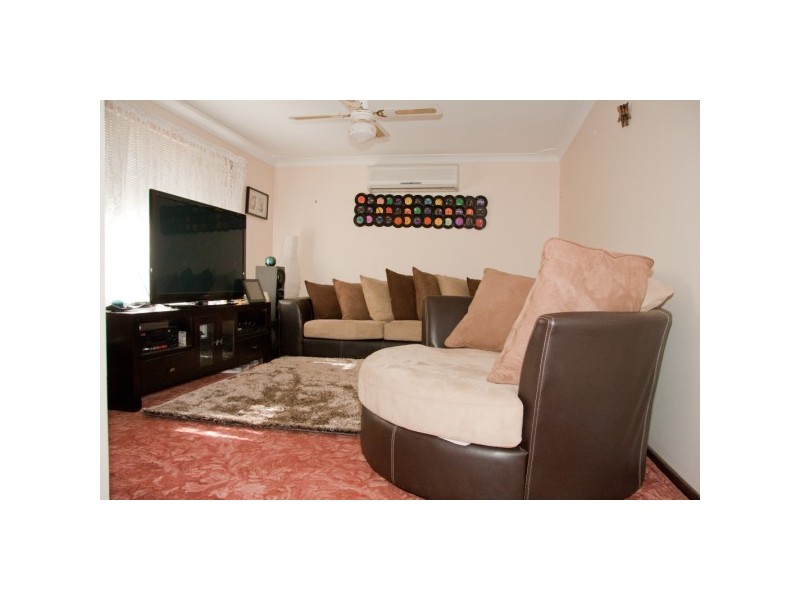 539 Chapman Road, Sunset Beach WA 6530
...
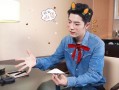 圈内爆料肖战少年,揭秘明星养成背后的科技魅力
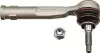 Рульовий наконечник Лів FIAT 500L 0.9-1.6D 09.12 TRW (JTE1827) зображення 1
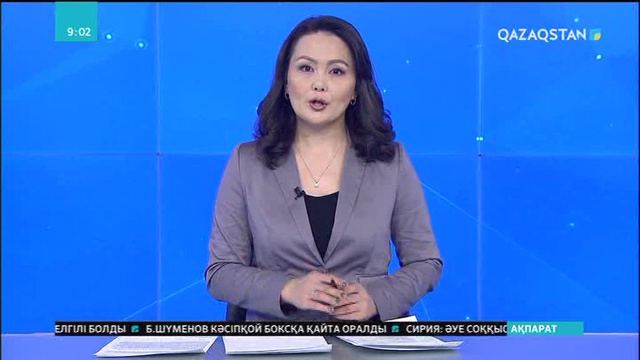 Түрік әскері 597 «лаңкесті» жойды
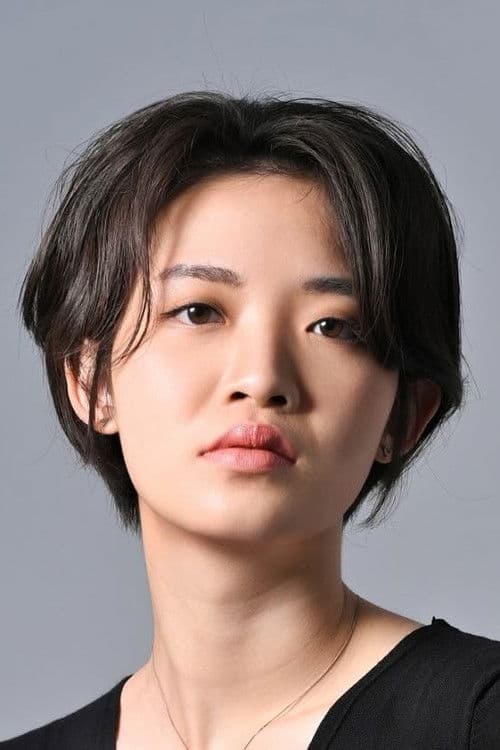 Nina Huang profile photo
---
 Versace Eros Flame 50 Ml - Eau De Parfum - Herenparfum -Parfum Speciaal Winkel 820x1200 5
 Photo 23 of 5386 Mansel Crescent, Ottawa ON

§ **WHAT YOU SHOULD DO**:
Only the lines above starting at the one containing "Versace Eros Flame" and ending at the one containing "Photo 23 of 5386 Mansel Crescent, Ottawa ON", both included, are to be returned, exactly as they read.

§ **RESULT FOR THIS TASK**:
 Versace Eros Flame 50 Ml - Eau De Parfum - Herenparfum -Parfum Speciaal Winkel 820x1200 5
 Photo 23 of 5386 Mansel Crescent, Ottawa ON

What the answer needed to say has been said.